§ **Data for review**

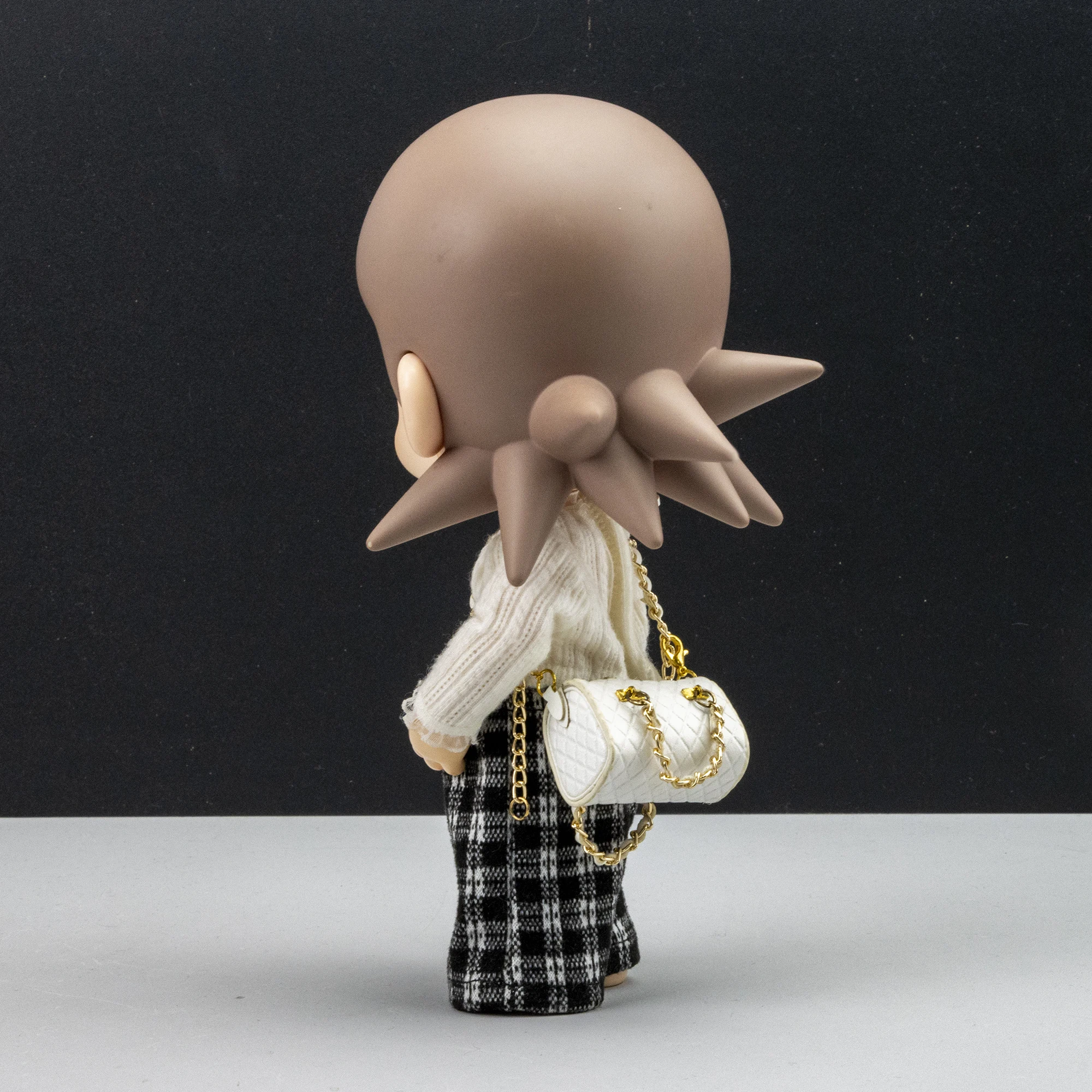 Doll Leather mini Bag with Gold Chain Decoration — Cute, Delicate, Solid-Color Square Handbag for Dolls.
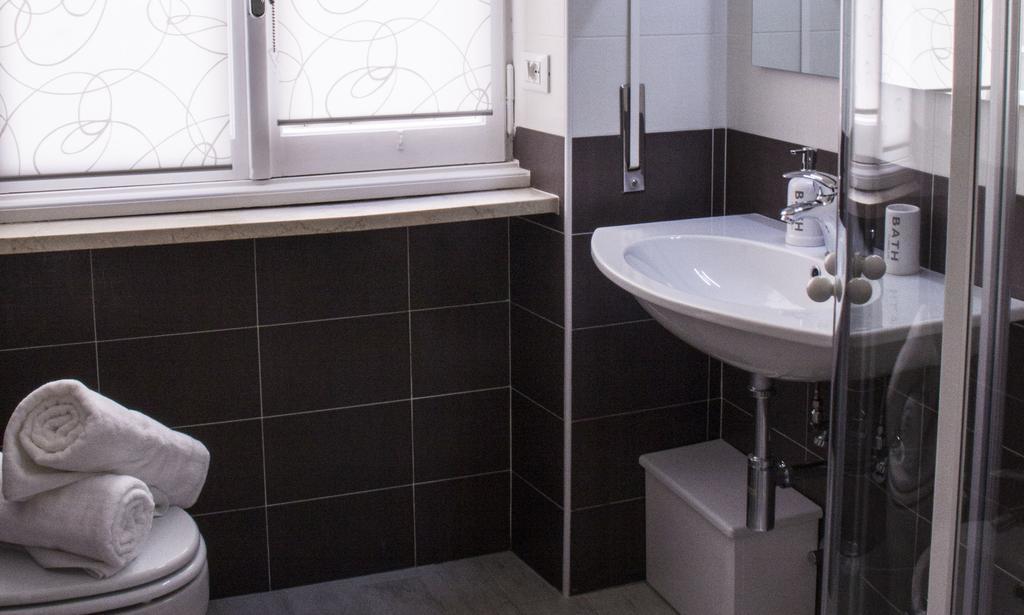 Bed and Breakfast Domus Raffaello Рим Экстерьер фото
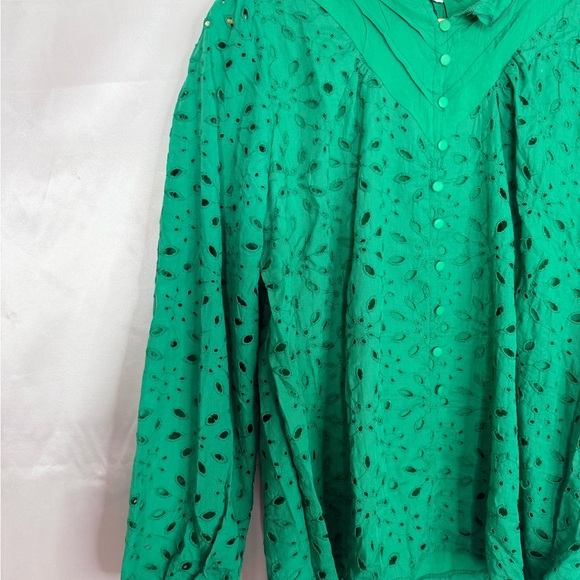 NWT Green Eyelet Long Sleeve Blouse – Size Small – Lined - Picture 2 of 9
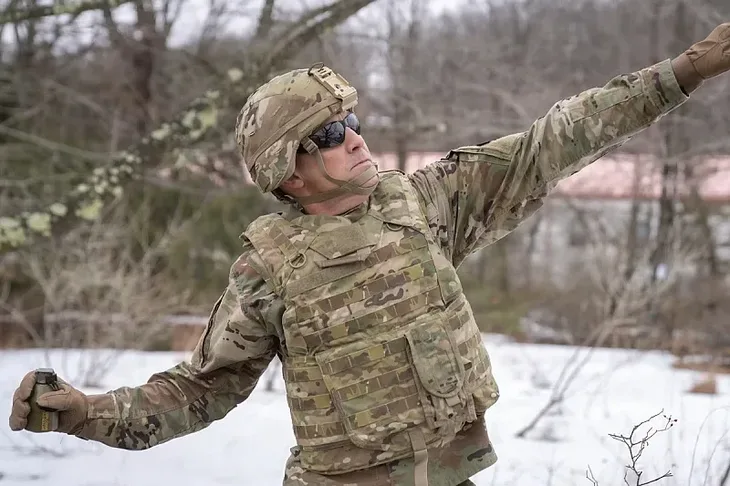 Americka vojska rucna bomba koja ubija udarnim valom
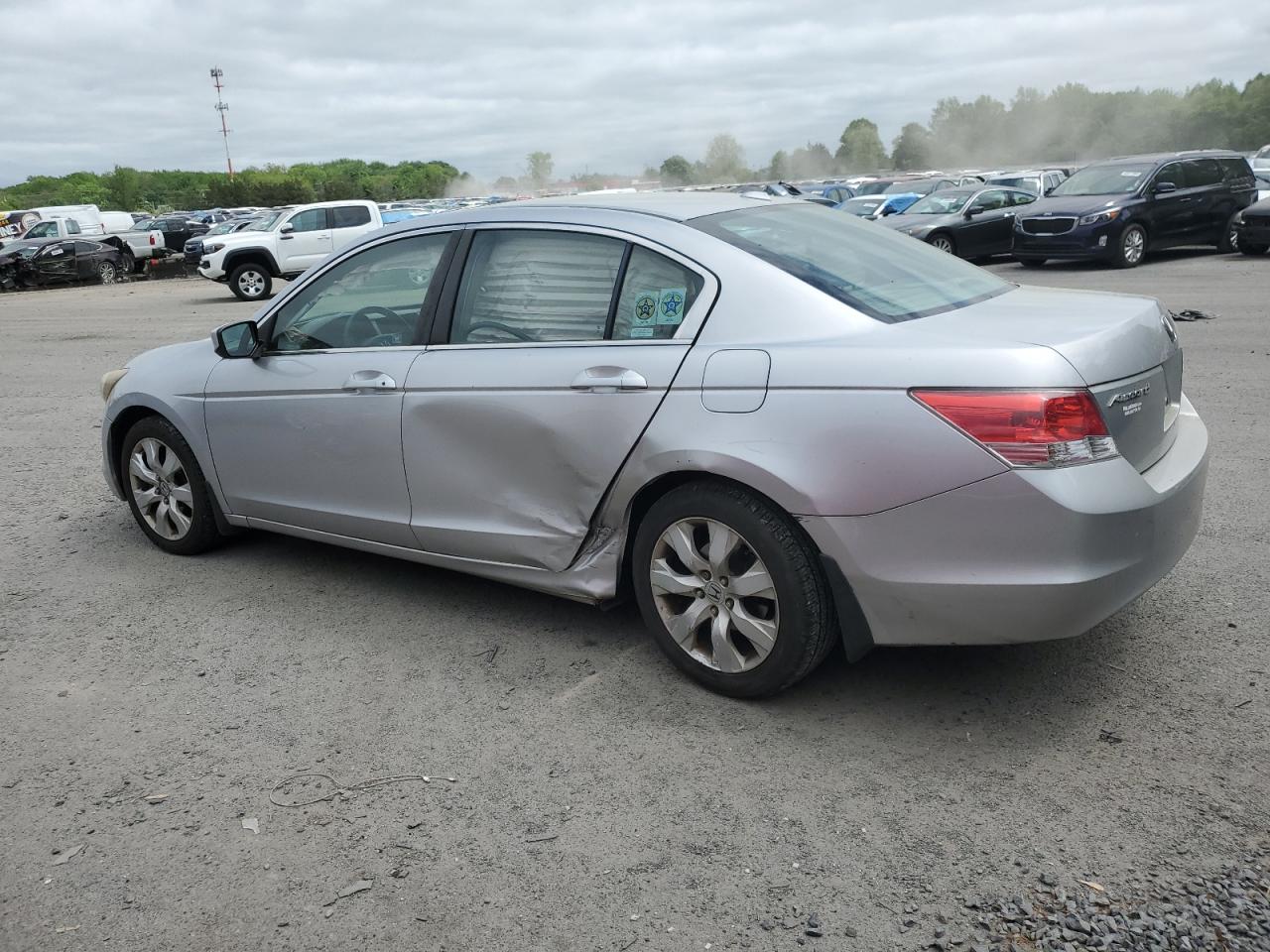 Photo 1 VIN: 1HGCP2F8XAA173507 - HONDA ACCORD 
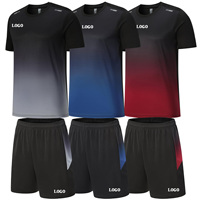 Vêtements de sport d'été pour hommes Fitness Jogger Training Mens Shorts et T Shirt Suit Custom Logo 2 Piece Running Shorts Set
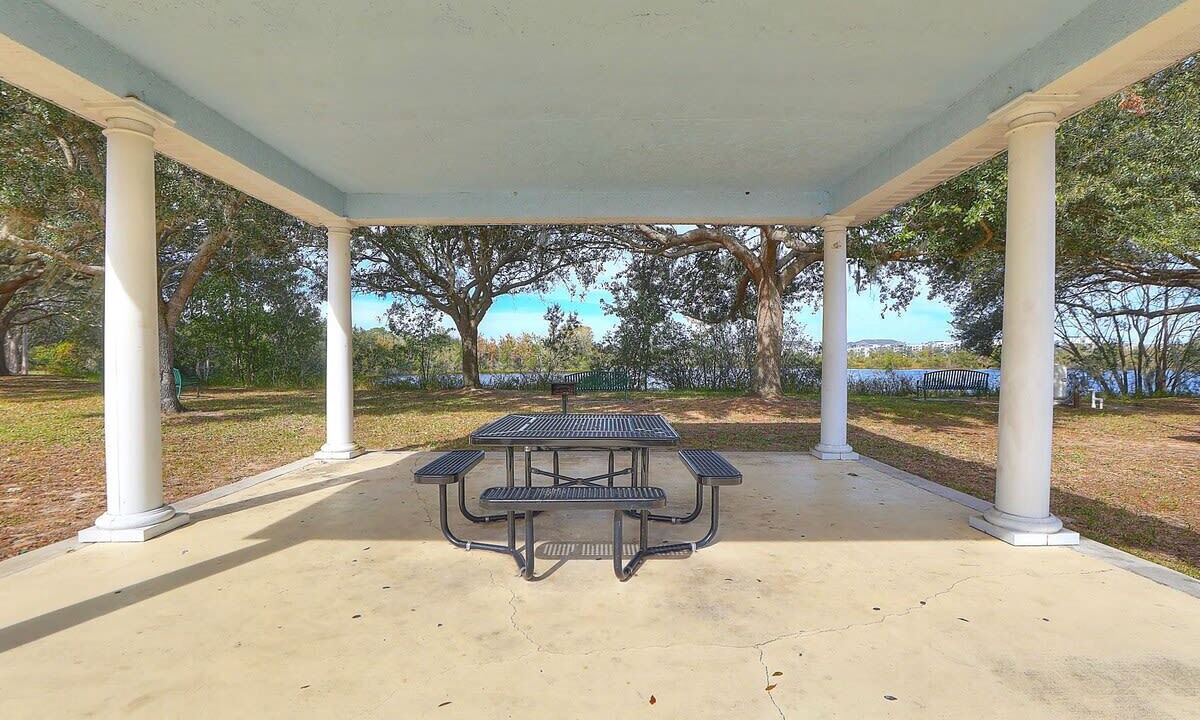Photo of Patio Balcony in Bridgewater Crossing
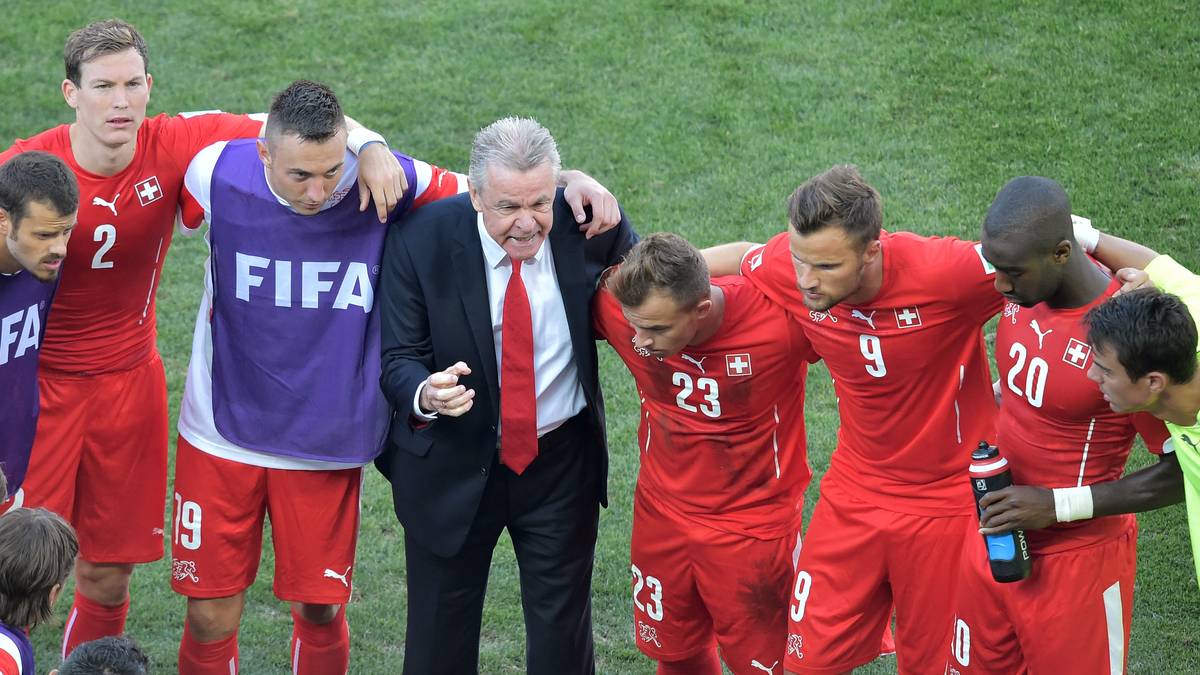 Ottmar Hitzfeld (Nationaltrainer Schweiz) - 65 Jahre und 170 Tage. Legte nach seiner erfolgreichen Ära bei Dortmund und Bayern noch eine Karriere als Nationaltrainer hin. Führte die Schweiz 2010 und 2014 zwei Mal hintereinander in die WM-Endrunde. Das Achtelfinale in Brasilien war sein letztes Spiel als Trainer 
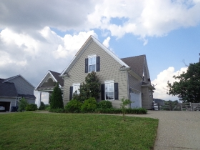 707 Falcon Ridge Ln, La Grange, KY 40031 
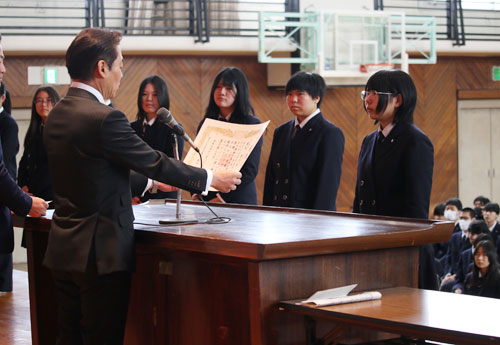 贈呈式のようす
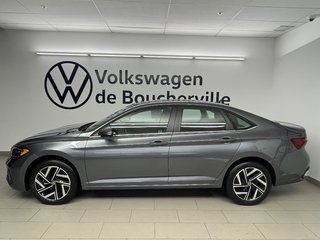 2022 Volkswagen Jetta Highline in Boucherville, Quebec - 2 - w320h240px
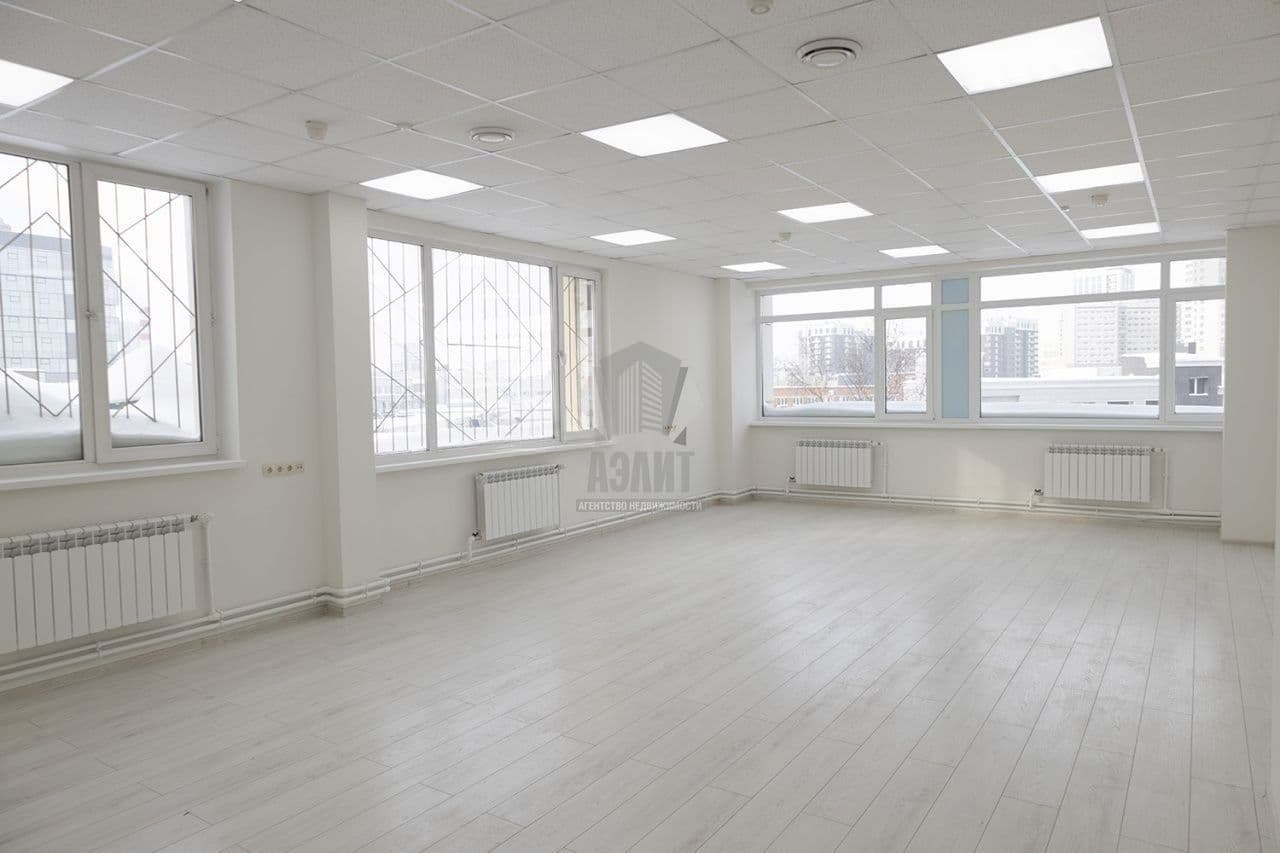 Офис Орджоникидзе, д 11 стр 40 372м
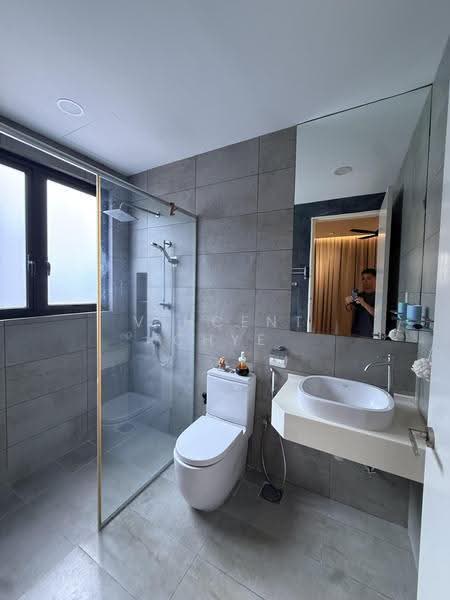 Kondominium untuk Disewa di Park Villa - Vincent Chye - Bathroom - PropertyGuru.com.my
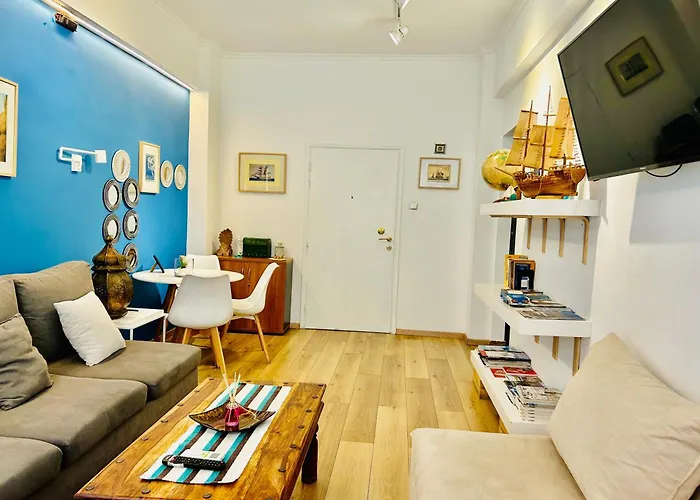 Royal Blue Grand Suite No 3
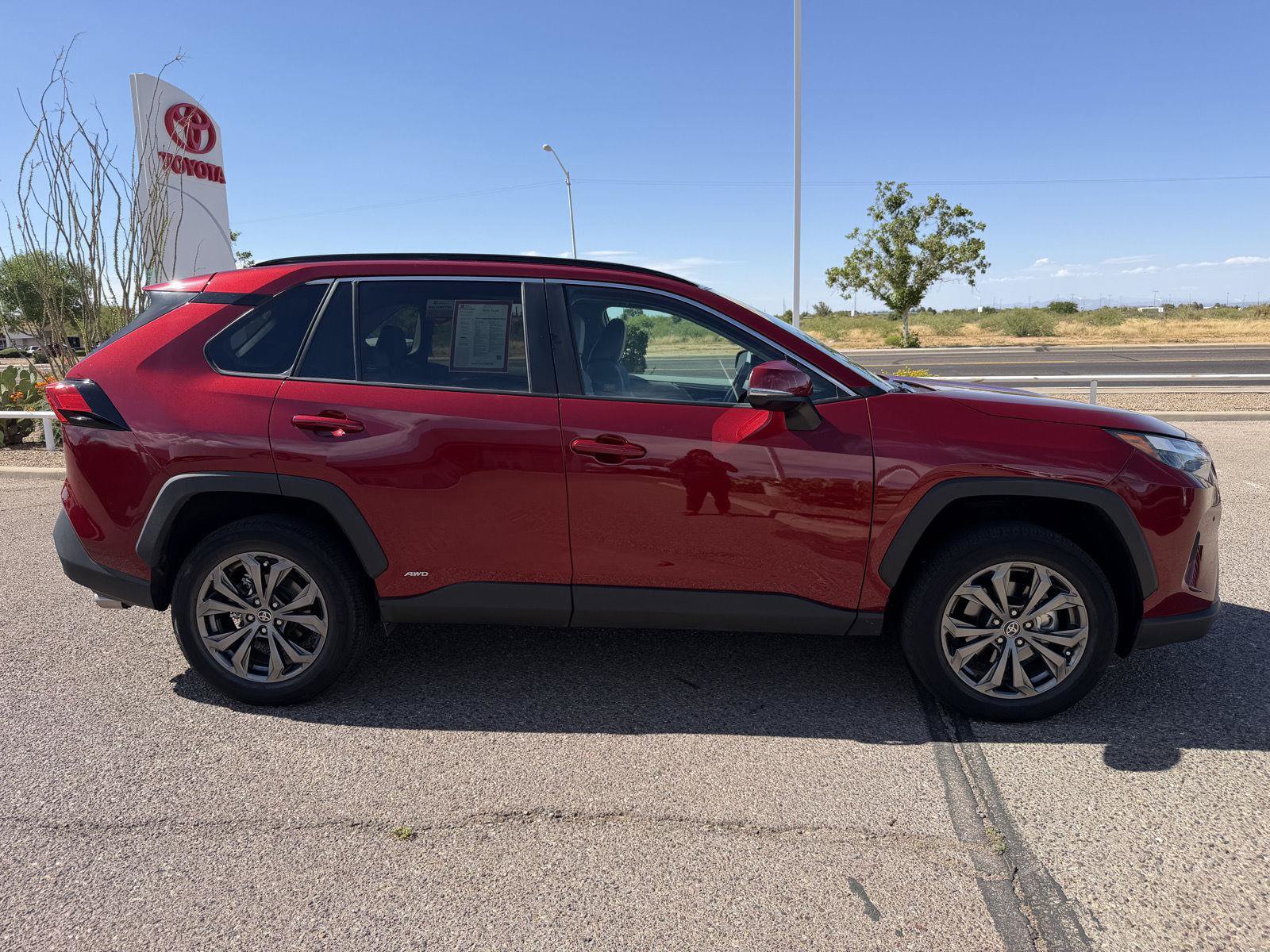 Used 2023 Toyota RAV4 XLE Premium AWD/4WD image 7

§ **Work instruction**
Line by line, output the material above exactly, passing over the pictures.

§ **Output of the exercise**
 Doll Leather mini Bag with Gold Chain Decoration — Cute, Delicate, Solid-Color Square Handbag for Dolls.
 Bed and Breakfast Domus Raffaello Рим Экстерьер фото
 NWT Green Eyelet Long Sleeve Blouse – Size Small – Lined - Picture 2 of 9
 Americka vojska rucna bomba koja ubija udarnim valom
 Photo 1 VIN: 1HGCP2F8XAA173507 - HONDA ACCORD 
 Vêtements de sport d'été pour hommes Fitness Jogger Training Mens Shorts et T Shirt Suit Custom Logo 2 Piece Running Shorts Set
Photo of Patio Balcony in Bridgewater Crossing
 Ottmar Hitzfeld (Nationaltrainer Schweiz) - 65 Jahre und 170 Tage. Legte nach seiner erfolgreichen Ära bei Dortmund und Bayern noch eine Karriere als Nationaltrainer hin. Führte die Schweiz 2010 und 2014 zwei Mal hintereinander in die WM-Endrunde. Das Achtelfinale in Brasilien war sein letztes Spiel als Trainer 
 707 Falcon Ridge Ln, La Grange, KY 40031 
 贈呈式のようす
 2022 Volkswagen Jetta Highline in Boucherville, Quebec - 2 - w320h240px
 Офис Орджоникидзе, д 11 стр 40 372м
 Kondominium untuk Disewa di Park Villa - Vincent Chye - Bathroom - PropertyGuru.com.my
 Royal Blue Grand Suite No 3
 Used 2023 Toyota RAV4 XLE Premium AWD/4WD image 7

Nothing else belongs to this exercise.